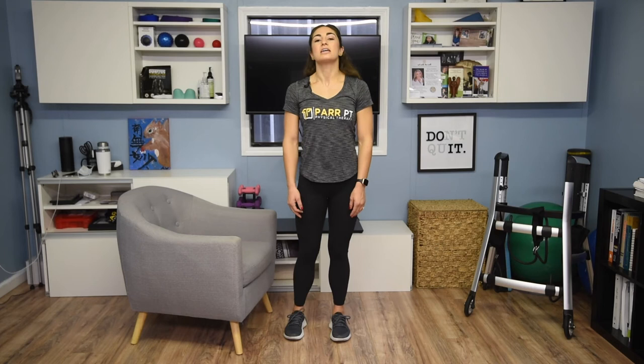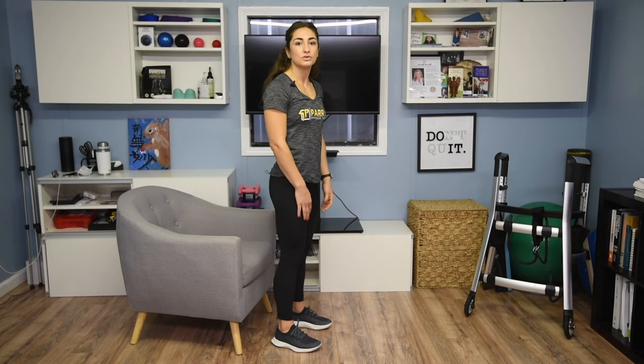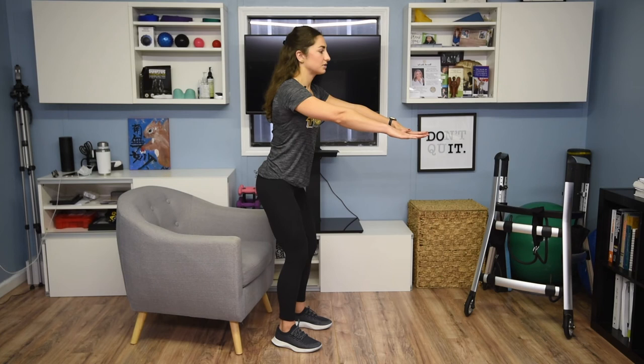One of the ways we can fix that is by doing something called a hip hinge. What that looks like from the side is reaching your butt back to sit down onto the chair. You can think about it by bringing your hands forward like you're going to slide them on a table — reaching your hands forward while your bottom goes back to the chair. That way you'll be engaging your quad muscles more and taking the tension off your knees.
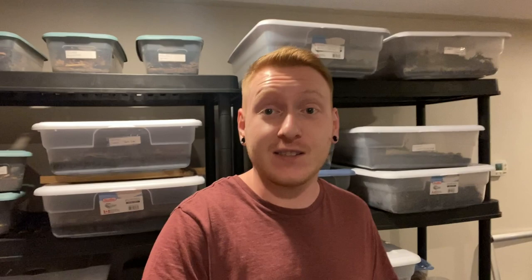Until next time, don't forget to like, comment, and subscribe — we'll see you guys again next week. Bye!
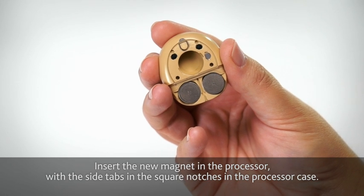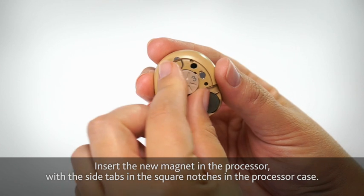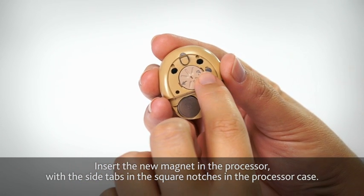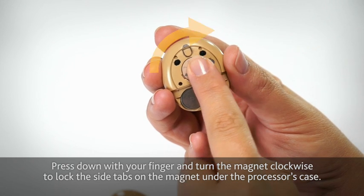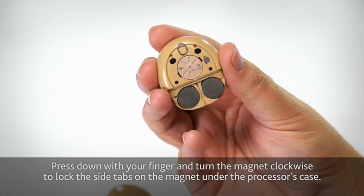Insert the new magnet in the processor with the side tabs in the square notches in the processor case. Press down with your finger and turn the magnet clockwise to lock the side tabs on the magnet under the processor's case.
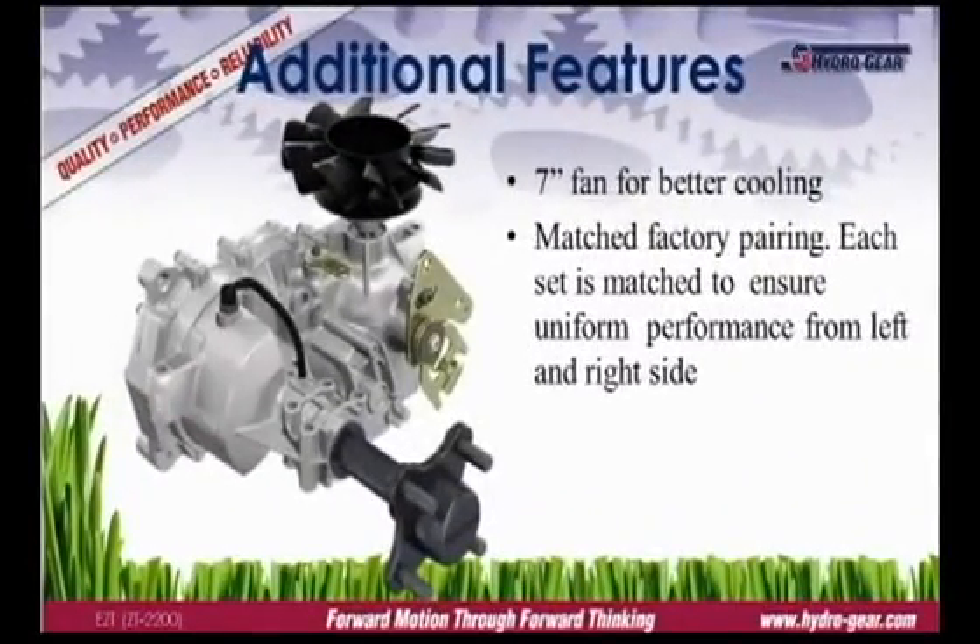Hydrogear products are proven performers. We work closely with the OEM from the initial design through production to ensure the trans-axle is properly sized, installed, and operating at peak efficiency. And that guarantee continues after the sale, with Hydrogear's comprehensive commercial warranty, one of the industry's best.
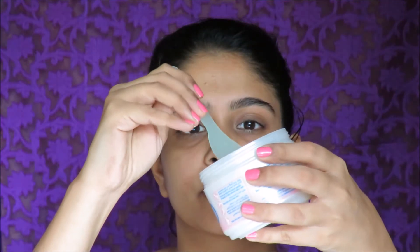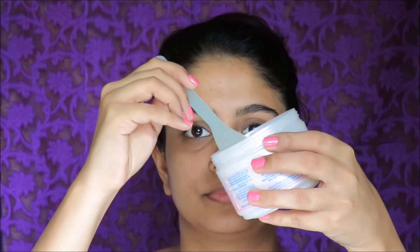As always, I advise you to use this with a spatula. Take very little because a little goes a very long way, and you don't want too much — too much hydration on your eye area can cause milia. So take very little and just place it all around your eyes.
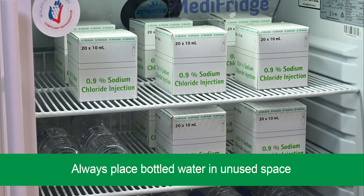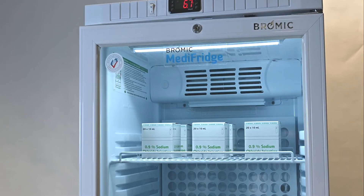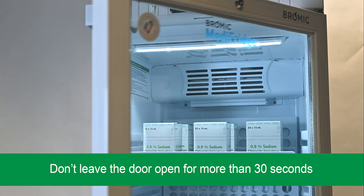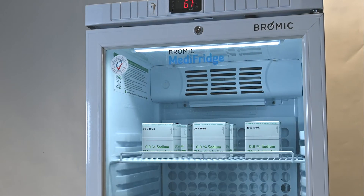Keep door openings to a minimum. When you open the door, ensure it stays open for no longer than 30 seconds at any time. Before opening the door again, allow at least one minute for the fridge temperature to stabilise.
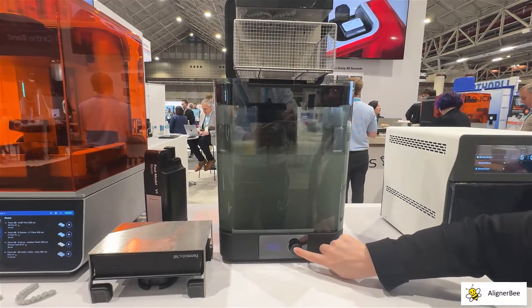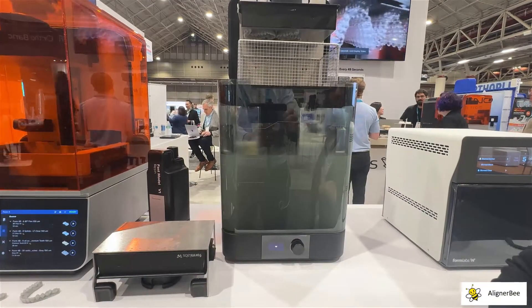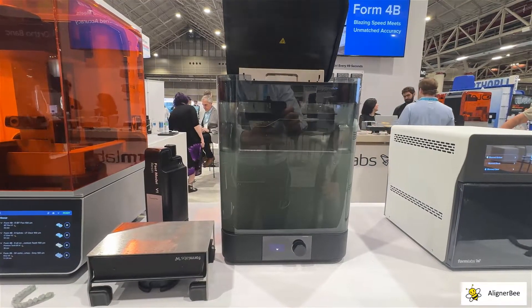With these incredibly fast print speeds, we're going to be able to utilize this new system both to help us with our same-day starts and with our same-day aligners.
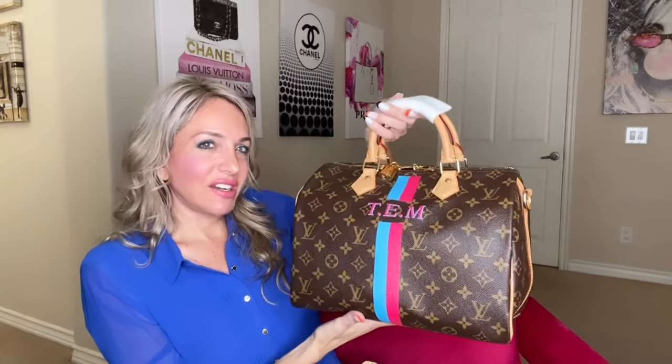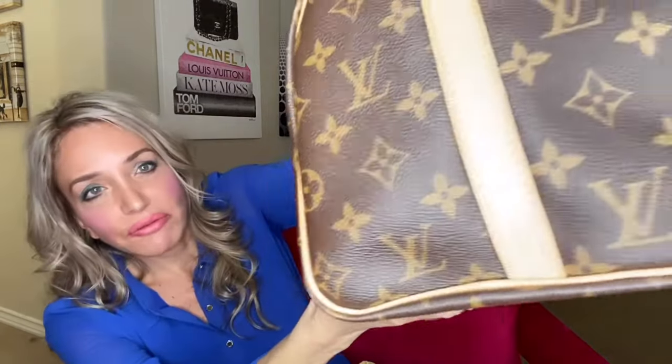When I store it, I always put a cloth in between the handles. I remember Minx for All said she had her handles get mis-darkened or striped because she had them down. She said to always keep your handles upright when storing this bag. I took it a little further and put a small felt cloth to keep them separated so they wouldn't touch each other - the Vachetta can be fussy.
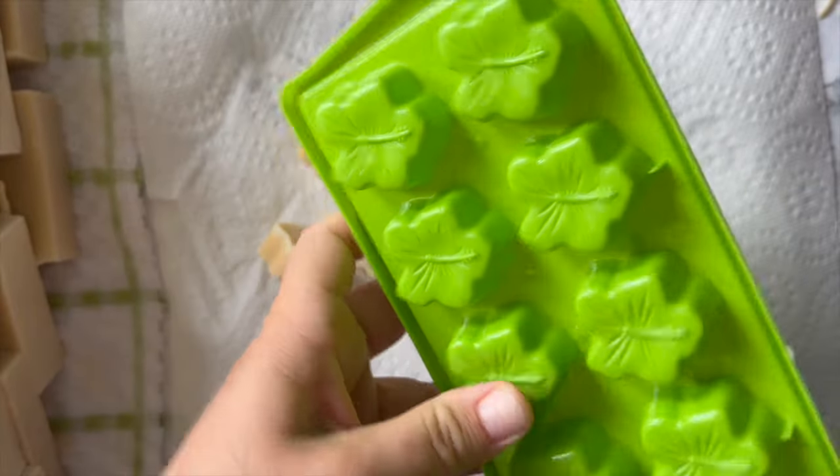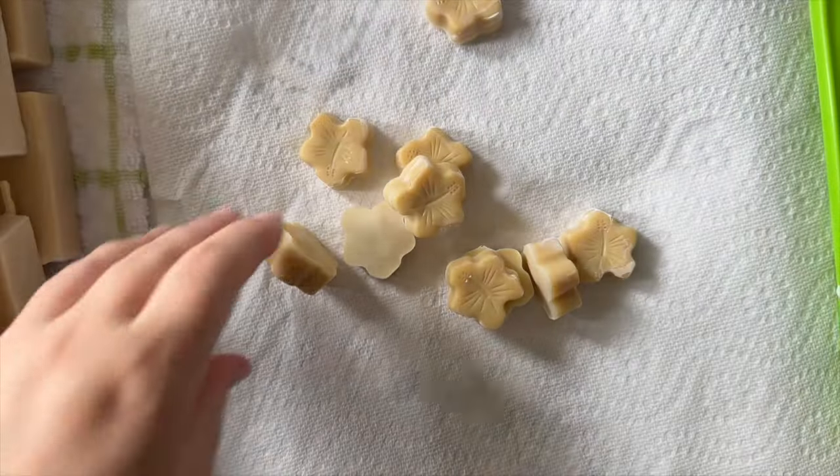The soaps turned out really nice at the end and they're pretty cute too.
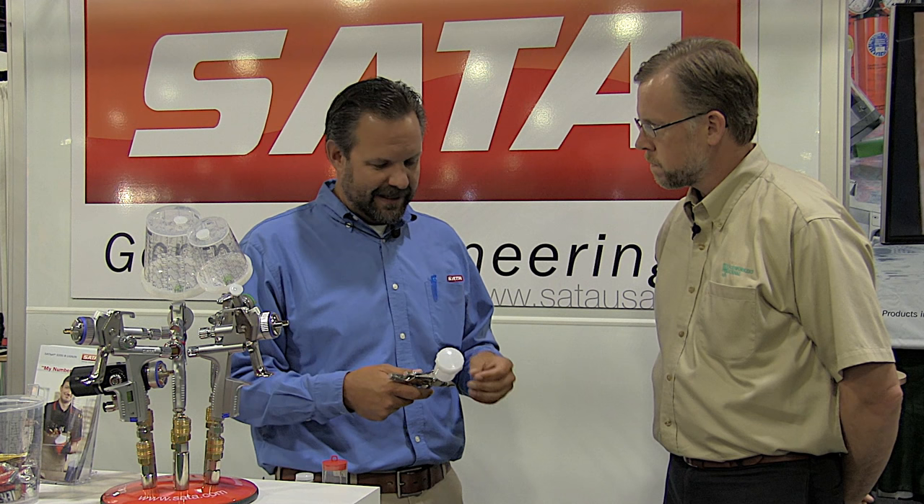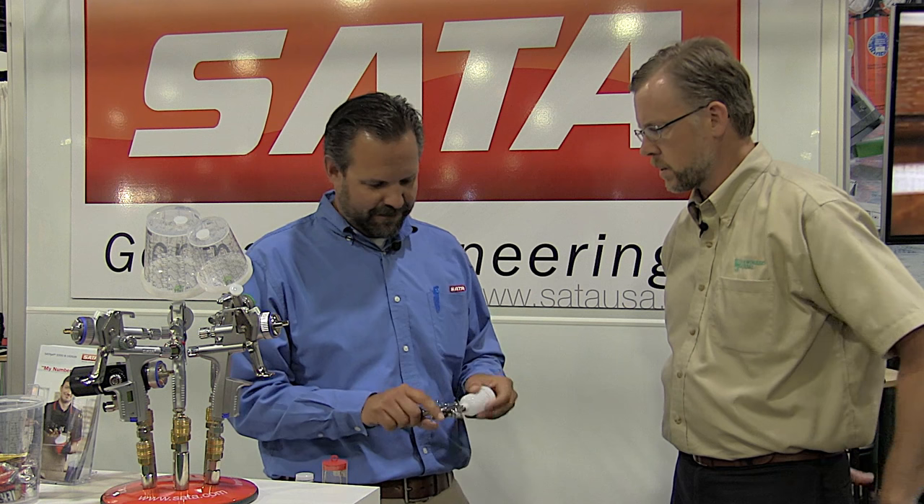How big is the cup on top of it? This one we've got is 65cc, or basically two ounces. We can go up from there to three ounces, six ounces, up to a 0.9 liter — which is more than you want to put on a gun this size. An end user just has to unscrew it to replace it and put a larger cup on top. It just threads on and you can go to a different cup size.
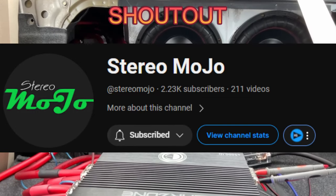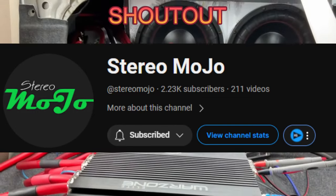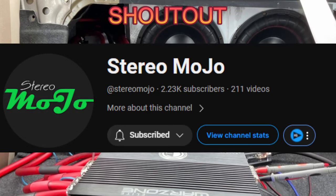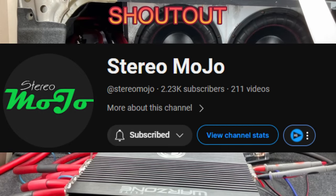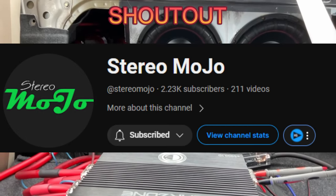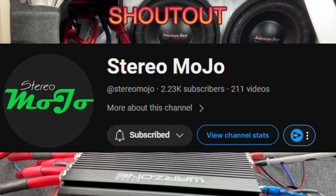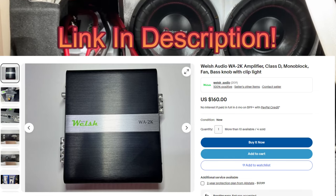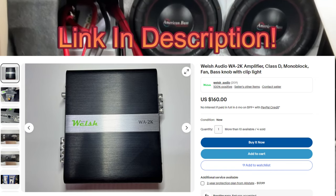Shoutout to Stereo Mojo — I'm going to lend this amplifier to him so he can do a proper amp dyno. If you want to know what this thing can actually do on an amp dyno, stay tuned to his channel. I'm also going to be reviewing one of his 2000 watt amplifiers, so stay tuned for that as well.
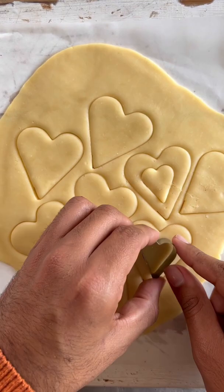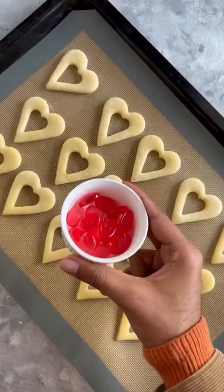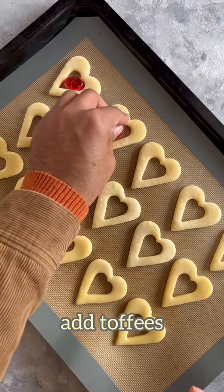Bake these for just about 5 minutes and once they're golden brown, add a toffee or a candy in the center and then bake the cookies again for 8 minutes so that the candies melt and spread out. And my valentine cookies are ready.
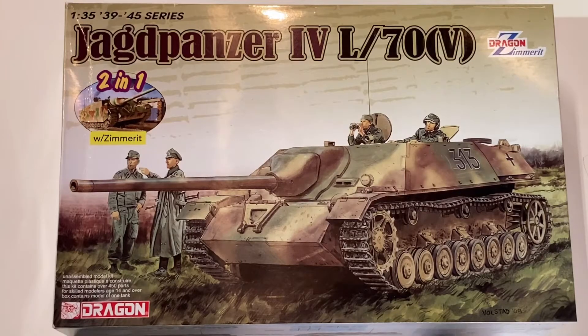Hello, this is Model Monday, episode 35, and here I have Dragon's 1/35 scale Jagdpanzer IV L70V. This is a Jagdpanzer IV late with a long-barreled 75mm gun as found on the Panther.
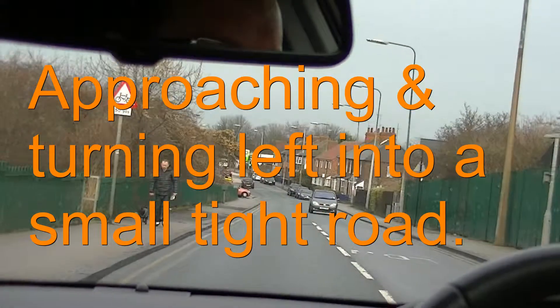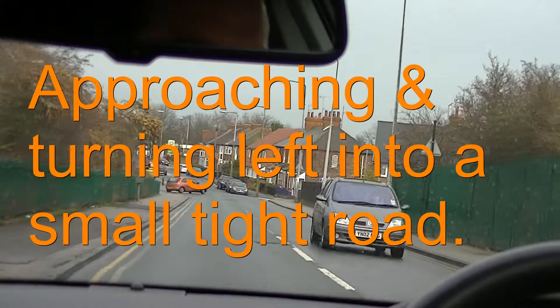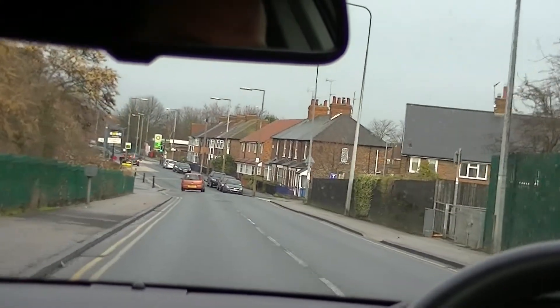We're going to have a look at a tight left turn approaching a left junction. So we're going to check our mirrors and signal left.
*-*-*
● **What you will do**
Look above for the line with "As always, I" and the line with "When I store"; set down those two lines and all lines between them exactly, without pictures and without anything else.

● **Problem solution**
As always, I advise you to use this with a spatula. Take very little because a little goes a very long way, and you don't want too much — too much hydration on your eye area can cause milia. So take very little and just place it all around your eyes.
Keep door openings to a minimum. When you open the door, ensure it stays open for no longer than 30 seconds at any time. Before opening the door again, allow at least one minute for the fridge temperature to stabilise.
With these incredibly fast print speeds, we're going to be able to utilize this new system both to help us with our same-day starts and with our same-day aligners.
When I store it, I always put a cloth in between the handles. I remember Minx for All said she had her handles get mis-darkened or striped because she had them down. She said to always keep your handles upright when storing this bag. I took it a little further and put a small felt cloth to keep them separated so they wouldn't touch each other - the Vachetta can be fussy.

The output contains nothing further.